_WORK TASK:_
Exactly the lines starting at the line containing "Klapki Birkenstock. Kolor: szary #1" and ending at the line containing "Phi Phi Maya" are to be written out from the listing below, both included.

_GIVEN DATA:_

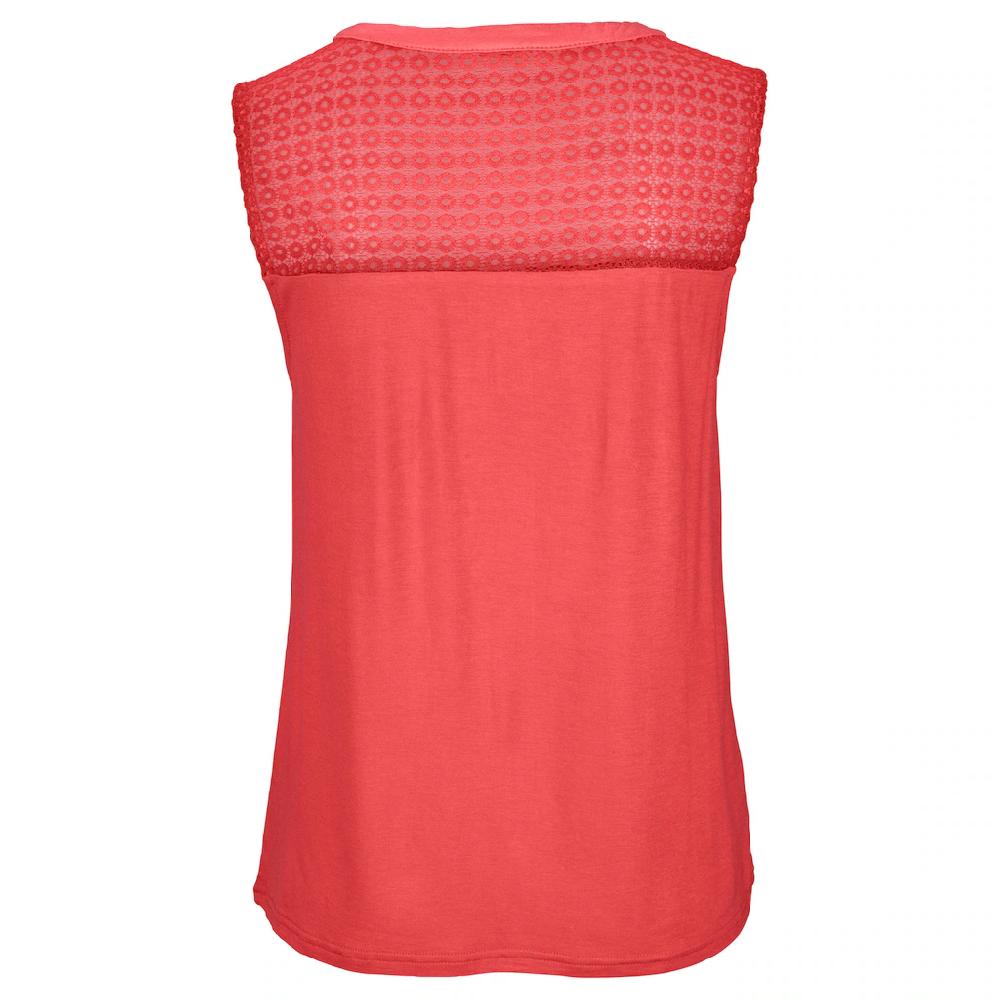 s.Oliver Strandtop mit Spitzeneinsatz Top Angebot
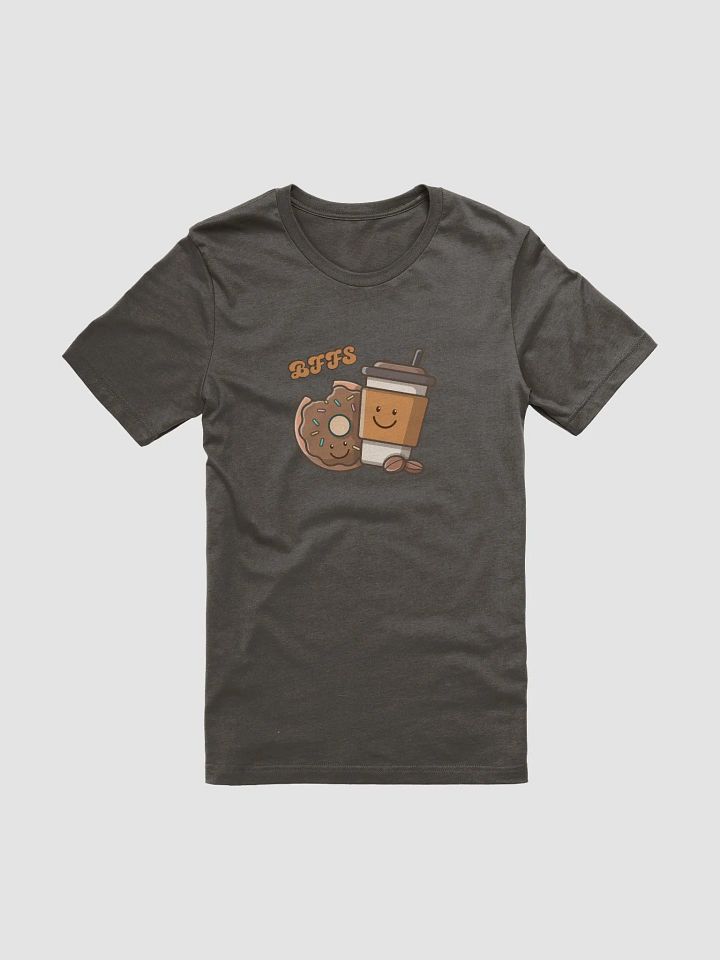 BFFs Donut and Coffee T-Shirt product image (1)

---

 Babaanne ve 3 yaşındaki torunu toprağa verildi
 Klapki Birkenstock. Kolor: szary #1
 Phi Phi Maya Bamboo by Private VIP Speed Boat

_WRITTEN REPLY:_
 Klapki Birkenstock. Kolor: szary #1
 Phi Phi Maya Bamboo by Private VIP Speed Boat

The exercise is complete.